Si è tornato inoltre a discutere di Ape social (anziché sociale), già analizzato in Ape social, un nome ridicolo.
In conclusione…
Immagino che nel documento programmatico ci siano anche altri anglicismi, qui mi sono limitata a raccogliere quelli ricorrenti nelle notizie dei media generalisti, rivolte a chiunque.
Dispiace vedere che, indipendentemente da chi sia al governo, si scelga di ricorrere ad anglicismi anche quando sono disponibili alternative italiane valide. Pigrizia, snobismo, volontà di rendere oscuri concetti altrimenti sgraditi o banale mancanza di rispetto per i cittadini che non conoscono l’inglese?
Vedi anche: Elenco di anglicismi istituzionali
Flavia:
“Pigrizia, snobismo, volontà di rendere oscuri concetti altrimenti sgraditi o banale mancanza di rispetto per i cittadini che non conoscono l’inglese?”
L’inglese sembra sconosciuto anche a loro; no, per me si tratta di fuffa: https://www.terminologiaetc.it/2014/03/05/significato-fuffa/
granmadue:
L’abuso di anglicismi e pseudoanglicismi dipende secondo me da un po’ tutti i motivi sopra elencati; credo inoltre che sia un evidente sintomo di provincialismo e di inferiorità (peraltro abbastanza in contraddizione col fatto che questa è un’epoca in cui in tanti si affannano a dichiararsi sovranisti).

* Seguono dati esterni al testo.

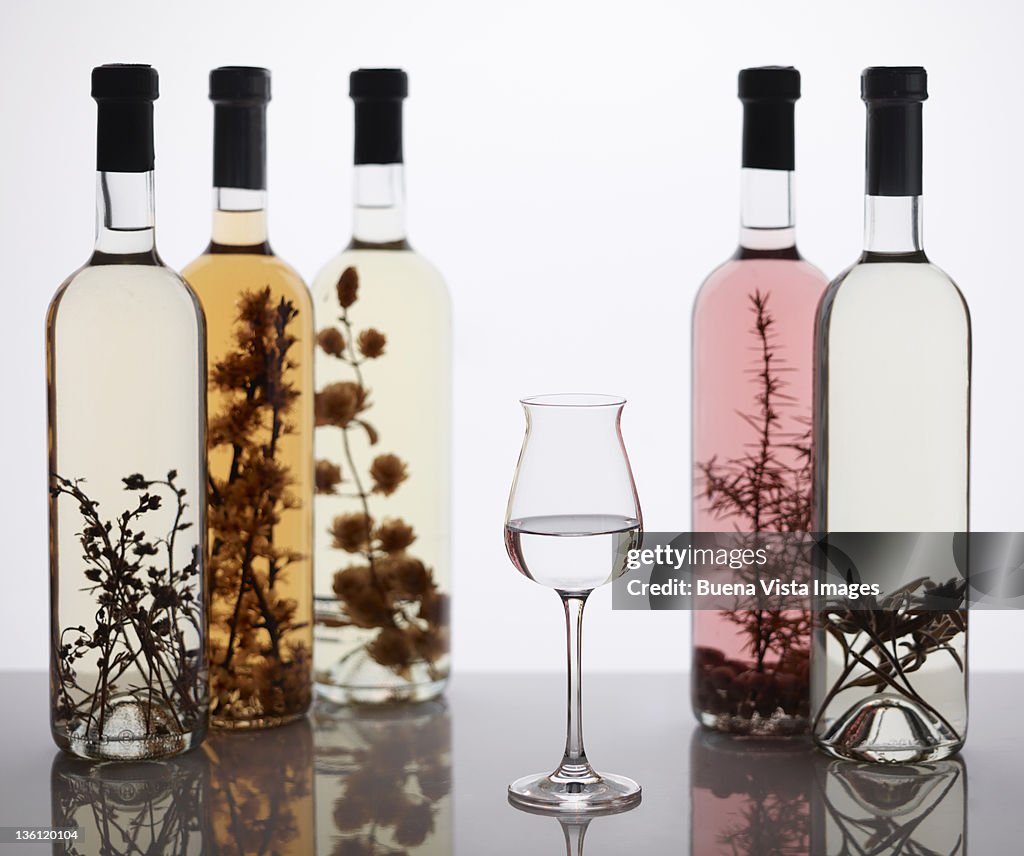 Italian Brandy (Grappa)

Sarebbe bello se, prima o poi, il Presidente Mattarella, trovandosi sul tavolo il testo di una legge infarcito di tali termini, si rivolga al Parlamento chiedendo che venga riscritto in italiano, possibilmente comprensibile.
Comunque duole constatare come questa discutibile moda dilaghi anche in ambienti “colti”, che uno si aspetterebbe maggiormente dotati di anticorpi. Per esempio: come si chiama la Fiera nazionale dell’editoria indipendente che inizia domani a Genova? “Book Pride”. E l’altra manifestazione, dedicata sempre ai libri, in programma a Milano tra meno di un mese? “Bookcity”, ovvio.

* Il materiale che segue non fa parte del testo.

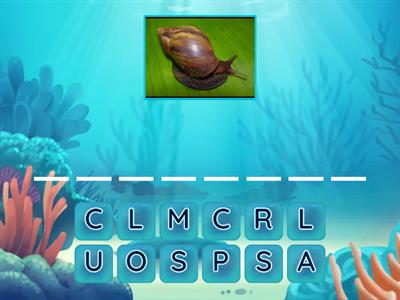 ANIMAL CLASSIFICATION 1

Visto che a un certo punto le mode, in genere, passano, speriamo che succeda anche in questo caso.
Licia:
@Flavia avevo pensato anch’io di usare la parola fuffa ma poi avevo preferito non infierire ulteriormente! 😉
@granmadue in realtà raramente Mattarella deve firmare leggi che contengono l’itanglese tanto amato dai politici: il legislatore privilegia terminologia italiana e usa anglicismi solo quando strettamente necessario. Il fenomeno dell’abuso di anglicismi quindi è ancora più grave perché c’è una discrepanza tra la comunicazione pubblica e legislazione. Alcuni esempi: nessuno dei decreti legislativi che costituivano la riforma nota come Jobs Act conteneva act o job (dettagli nella seconda parte di Definizione ufficiale di Jobs Act); non c’era traccia di stepchild adoption nel disegno di legge che avrebbe dovuto regolamentarla (cfr. Anglicismi governativi: stepchild adoption); la locuzione revenge porn non appare nell’articolo 612-ter del codice penale che identifica il reato (dettagli in Revenge porn non vuol dire “pornovendetta”) e così via. La confusione per il cittadino che non sa l’inglese è quindi doppia: oltre alla beffa, il danno perché diventa più complesso reperire informazioni.
John Dunn:
Benché sia piuttosto d’accordo con questo post, vorrei fare due osservazioni:
1. piano cashless — due parole, cinque sillabi
piano pagamenti elettronici — tre parole, 12 sillabi
Il principio di economia linguistica è una cosa da non sottovalutare: è molto importante per la propaganda politica e per la giornalistica e a mio parere è il motivo per l’uso di tantissimi anglismi. Allo stesso tempo questo principio non vale (o non dovrebbe valere) per i documenti ufficiali (dove prevale il principio dell’esattezza), e questo, a mio avviso, sarà la spiegazione delle discrepanze tra diversi tipi di documenti.
2. Forse sarebbe utile distinguere tra espressioni che sono internazionalismi (green new deal, forse flat tax) e quelle coniate in italiano, specie quando quest’ultime hanno un senso diverso di quello della lingua d’origine.
E se posso, una terza: per me un Ape social sarà un gorilla con molti amici.
granmadue:
Grazie Licia per l’utile precisazione.